Piccola lastra di carparo da Mesagne (BR)

L'iscrizione è realizzata con ductus destrorso su due righe. A sinistra dell'iscrizione è raffigurata una piccola croce di S. Andrea su un asta verticale, stilizzazione della fiaccola demetriaca. Un alpha, evidentemente dimenticato nella scrittura del testo, è stato reinserito sotto la riga all'altezza della lettera beta. L'ultima lettera del testo è stata eseguita al di sotto della riga per motivi di spazio.

In base alla forma delle lettere, in particolare dell'alpha con tratto mediano angolato, del rho con breve apice obliquo e del sigma con asta superiore allungata, l'iscrizione si data al III secolo a.C.

Si legge:

tabaroa|2s

 testo da restituire è:

tabaroas

La fiaccola demetriaca e il nome espresso nel testo rimandano ai culti demetriaci. Il nome tabara, analizzabile come *to-bhorā (derivato da *to-bher-, cfr. il greco ϕορός) ha il significato di "colei che porta (le offerte), quindi "sacerdotessa".  Nel corso della documentazione epigrafica si osservano dei casi di passaggio dal nome dalla classe dell'appellativo a quella del nome proprio, seguito da un secondo elemento onomastico (Patronimico/gentilizio). Cfr. per casi di ieronimia in Messapico de Simone 1982.

 



MLM 11 Ruv

MLM 11 Ruv

Piccolo peso da telaio di forma discoidale da Ruvo (BA).

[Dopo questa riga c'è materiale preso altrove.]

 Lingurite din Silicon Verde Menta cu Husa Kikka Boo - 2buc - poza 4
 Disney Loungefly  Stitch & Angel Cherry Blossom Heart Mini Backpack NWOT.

Il peso di argilla presenta due fori passanti presso l'estremità superiore e uno stampiglio con due cani affrontati sulla faccia iscritta.

L'iscrizione destrorsa è stata praticata prima della cottura dell'argilla.

Si legge:

epakas

Si tratta di un nome femminile al genitivo, come spesso accade in questa classe di oggetti, destinati per lo più alla funzione di pesi da telaio.

La maggior parte dei pesi da telaio provenienti da Ruvo è di forma troncopiramidale e reca l'iscrizione con un nome femminile al genitivo o al nominativo.